---------- Supplied data
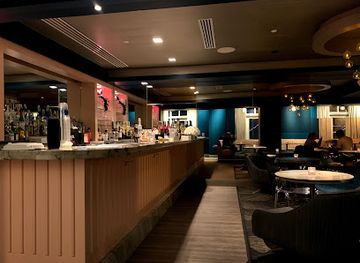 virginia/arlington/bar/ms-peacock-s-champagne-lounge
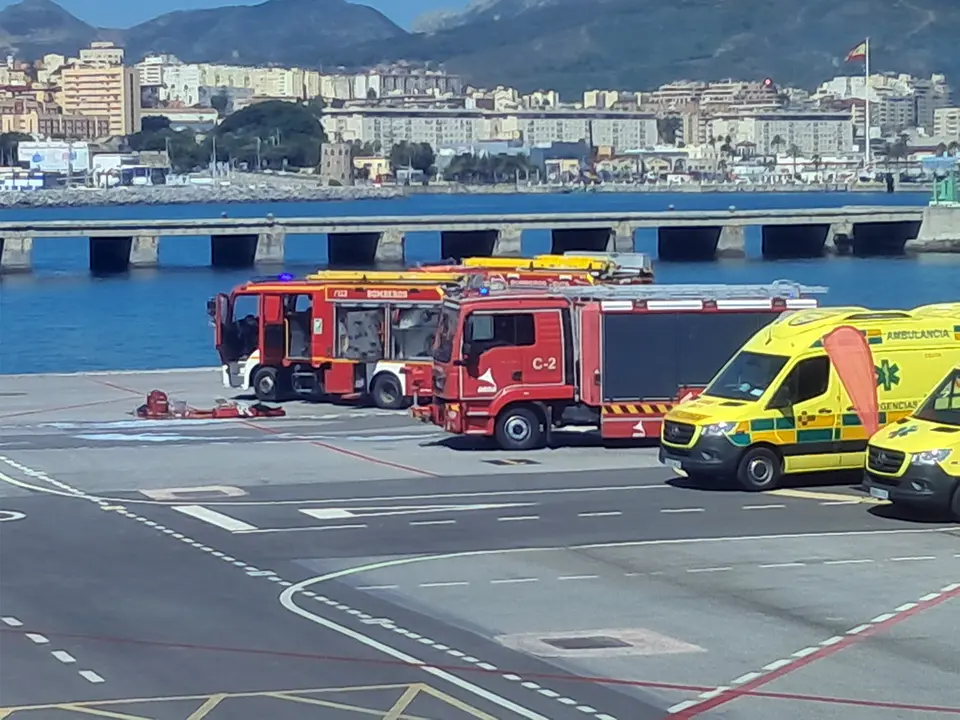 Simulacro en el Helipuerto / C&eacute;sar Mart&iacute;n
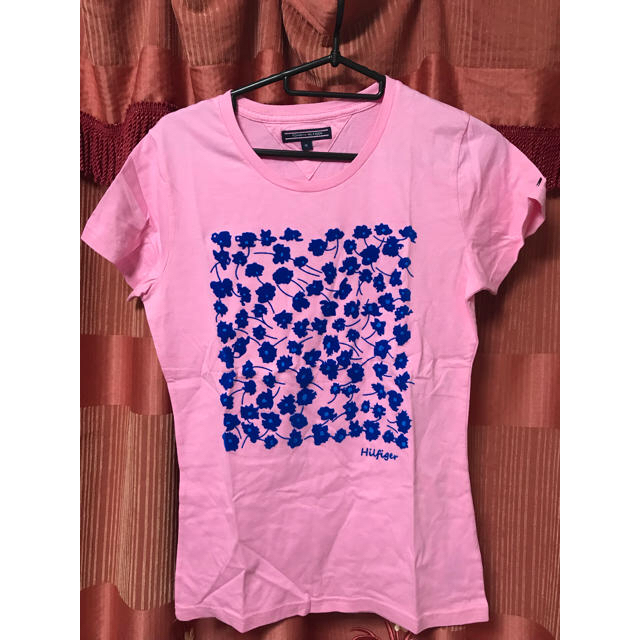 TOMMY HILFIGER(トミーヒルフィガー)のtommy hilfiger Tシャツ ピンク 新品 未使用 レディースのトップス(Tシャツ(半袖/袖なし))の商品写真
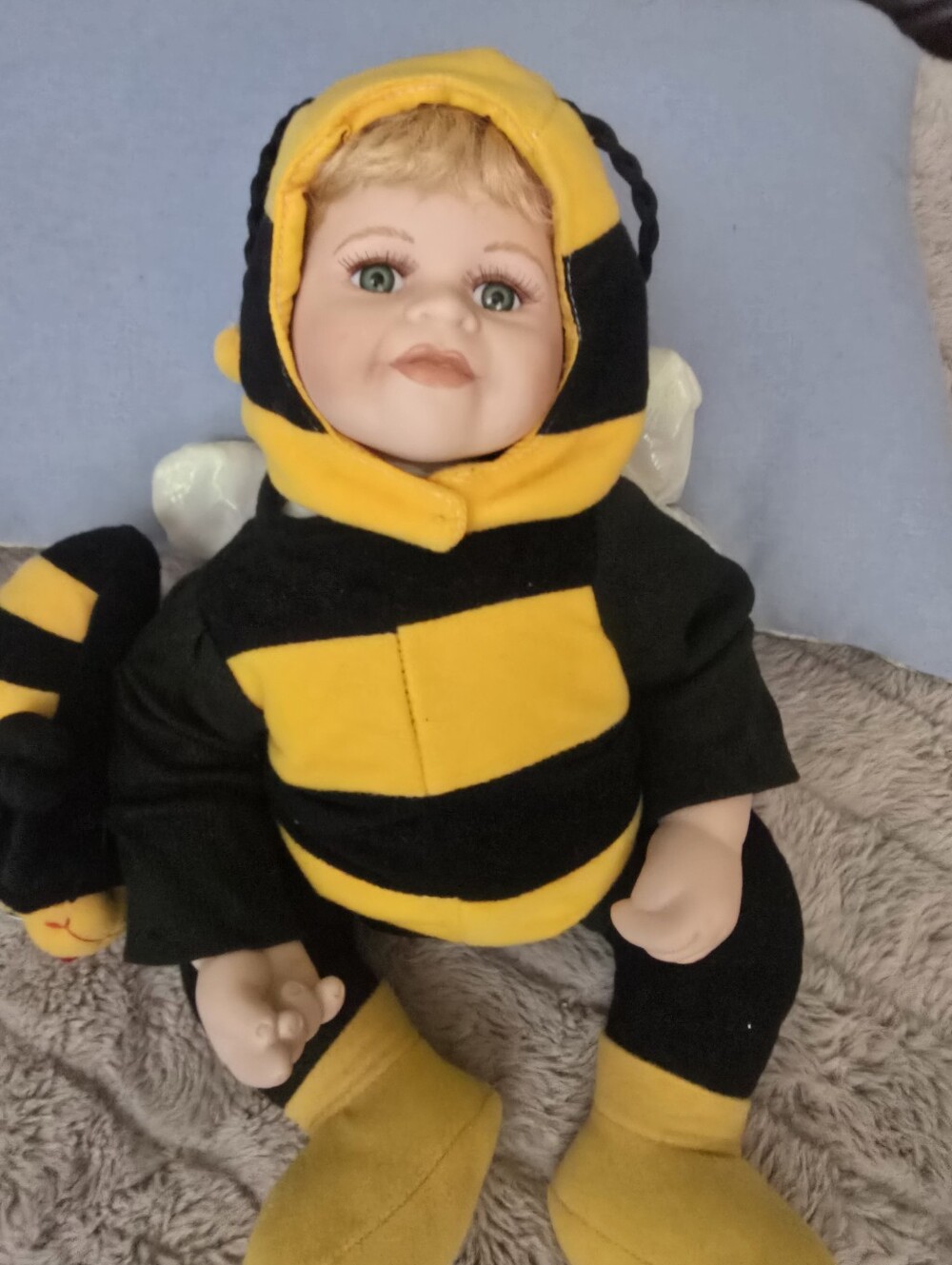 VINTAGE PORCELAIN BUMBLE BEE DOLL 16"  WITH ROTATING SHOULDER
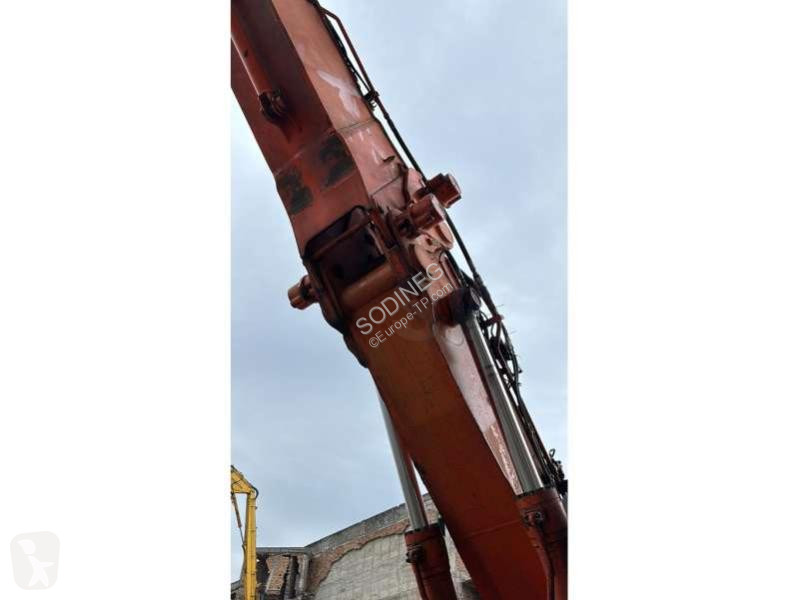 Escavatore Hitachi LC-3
--------------------
---------- Supplied data
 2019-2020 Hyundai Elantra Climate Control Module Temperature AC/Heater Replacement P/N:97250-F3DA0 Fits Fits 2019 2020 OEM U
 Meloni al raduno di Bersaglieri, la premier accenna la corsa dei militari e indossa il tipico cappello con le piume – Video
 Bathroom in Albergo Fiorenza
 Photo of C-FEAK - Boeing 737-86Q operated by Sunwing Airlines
--------------------
* [The problem]
An exact copy is needed of the stretch above that opens with the line containing "virginia/arlington/bar/ms-peacock-s-champagne-lounge" and closes with the line containing "VINTAGE PORCELAIN BUMBLE"; the pictures are not part of it.

* [Answer box]
 virginia/arlington/bar/ms-peacock-s-champagne-lounge
 Simulacro en el Helipuerto / C&eacute;sar Mart&iacute;n
 TOMMY HILFIGER(トミーヒルフィガー)のtommy hilfiger Tシャツ ピンク 新品 未使用 レディースのトップス(Tシャツ(半袖/袖なし))の商品写真
 VINTAGE PORCELAIN BUMBLE BEE DOLL 16"  WITH ROTATING SHOULDER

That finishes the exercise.